In a typical implementation the size of dynamic memory block is somehow stored in the block itself - this is true. But there's no standard way to access this information. (Implementations may provide implementation-specific ways to access it). This is how it is with malloc/free, this is how it is with new[]/delete[].
In fact, in a typical implementation raw memory allocations for new[]/delete[] calls are eventually processed by some implementation-specific malloc/free-like pair, which means that delete[] doesn't really have to care about how much memory to deallocate: it simply calls that internal free (or whatever it is named), which takes care of that.
What delete[] does need to know though is how many elements to destruct in situations when array element type has non-trivial destructor. And this is what your question is about - the number of array elements, not the size of the block (these two are not the same, the block could be larger than really required for the array itself). For this reason, the number of elements in the array is normally also stored inside the block by new[] and later retrieved by delete[] to perform the proper array element destruction. There are no standard ways to access this number either.
(This means that in general case, a typical memory block allocated by new[] will independently, simultaneously store both the physical block size in bytes and the array element count. These values are stored by different levels of C++ memory allocation mechanism - raw memory allocator and new[] itself respectively - and don't interact with each other in any way).
However, note that for the above reasons the array element count is normally only stored when the array element type has non-trivial destructor. I.e. this count is not always present. This is one of the reasons why providing a standard way to access that data is not feasible: you'd either have to store it always (which wastes memory) or restrict its availability by destructor type (which is confusing).
To illustrate the above, when you create an array of ints
int *array = new int[100];
the size of the array (i.e. 100) is not normally stored by new[] since delete[] does not care about it (int has no destructor). The physical size of the block in bytes (like, 400 bytes or more) is normally stored in the block by the raw memory allocator (and used by raw memory deallocator invoked by delete[]), but it can easily turn out to be 420 for some implementation-specific reason. So, this size is basically useless for you, since you won't be able to derive the exact original array size from it.
You most likely can access it, but it would require intimate knowledge of your allocator and would not be portable. The C++ standard doesn't specify how implementations store this data, so there's no consistent method for obtaining it. I believe it's left unspecified because different allocators may wish to store it in different ways for efficiency purposes.
It makes sense, as for example the size of the allocated block may not necessarily be the same size as the array. While it is true that new[] may store the number of elements (calling each elements destructor), it doesn't have to as it wouldn't be required for a empty destructor. There is also no standard way (C++ FAQ Lite 1, C++ FAQ Lite 2) of implementing where new[] stores the array length as each method has its pros and cons.

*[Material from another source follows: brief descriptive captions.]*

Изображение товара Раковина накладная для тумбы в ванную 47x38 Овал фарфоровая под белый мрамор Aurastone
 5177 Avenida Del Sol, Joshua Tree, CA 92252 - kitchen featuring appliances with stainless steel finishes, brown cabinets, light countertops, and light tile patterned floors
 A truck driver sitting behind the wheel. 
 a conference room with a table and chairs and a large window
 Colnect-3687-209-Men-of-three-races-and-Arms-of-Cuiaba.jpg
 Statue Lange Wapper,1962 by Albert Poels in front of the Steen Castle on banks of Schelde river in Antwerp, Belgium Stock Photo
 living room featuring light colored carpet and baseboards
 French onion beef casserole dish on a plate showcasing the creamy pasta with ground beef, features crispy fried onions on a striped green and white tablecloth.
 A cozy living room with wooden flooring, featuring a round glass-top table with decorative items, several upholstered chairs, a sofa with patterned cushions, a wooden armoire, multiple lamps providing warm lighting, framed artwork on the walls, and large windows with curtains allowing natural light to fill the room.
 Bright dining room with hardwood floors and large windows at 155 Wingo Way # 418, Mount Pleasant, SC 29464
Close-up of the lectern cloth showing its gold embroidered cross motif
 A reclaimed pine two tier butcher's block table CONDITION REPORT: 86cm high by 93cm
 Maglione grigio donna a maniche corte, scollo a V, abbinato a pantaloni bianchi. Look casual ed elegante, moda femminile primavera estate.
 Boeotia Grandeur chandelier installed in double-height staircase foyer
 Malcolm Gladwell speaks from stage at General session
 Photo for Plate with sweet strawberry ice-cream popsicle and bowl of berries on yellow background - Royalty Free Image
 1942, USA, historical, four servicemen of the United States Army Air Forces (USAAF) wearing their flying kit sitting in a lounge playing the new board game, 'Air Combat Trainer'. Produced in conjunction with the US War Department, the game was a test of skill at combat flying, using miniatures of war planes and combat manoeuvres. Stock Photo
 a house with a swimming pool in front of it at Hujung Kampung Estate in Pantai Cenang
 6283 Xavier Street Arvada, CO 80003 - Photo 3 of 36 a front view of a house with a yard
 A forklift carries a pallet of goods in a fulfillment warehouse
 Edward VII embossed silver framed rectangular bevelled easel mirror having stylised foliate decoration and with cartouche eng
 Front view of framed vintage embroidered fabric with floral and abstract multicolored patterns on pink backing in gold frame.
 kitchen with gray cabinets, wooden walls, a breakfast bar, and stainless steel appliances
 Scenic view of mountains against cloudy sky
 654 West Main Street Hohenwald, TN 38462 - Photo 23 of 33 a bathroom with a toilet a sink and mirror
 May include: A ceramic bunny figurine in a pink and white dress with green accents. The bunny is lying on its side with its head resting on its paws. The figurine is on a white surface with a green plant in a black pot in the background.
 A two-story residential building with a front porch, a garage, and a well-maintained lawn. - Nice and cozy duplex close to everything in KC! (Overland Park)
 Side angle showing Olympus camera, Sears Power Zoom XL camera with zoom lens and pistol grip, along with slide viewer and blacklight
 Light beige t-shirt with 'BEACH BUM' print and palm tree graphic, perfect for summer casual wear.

In other words, it allows allocations to as fast an cheap as possible by not specifying anything about the implementation. (If the implementation has to store the size of the array as well as the size of the allocated block every time, it wastes memory that you may not need).
Simply put, the C++ standard does not require support for this. It is possible that if you know enough about the internals of your compiler, you can figure out how to access this information, but that would generally be considered bad practice. Note that there may be a difference in memory layout for heap-allocated arrays and stack-allocated arrays.
Remember that essentially what you are talking about here are C-style arrays, too -- even though new and delete are C++ operators -- and the behavior is inherited from C. If you want a C++ "array" that is sized, you should be using the STL (e.g. std::vector, std::deque).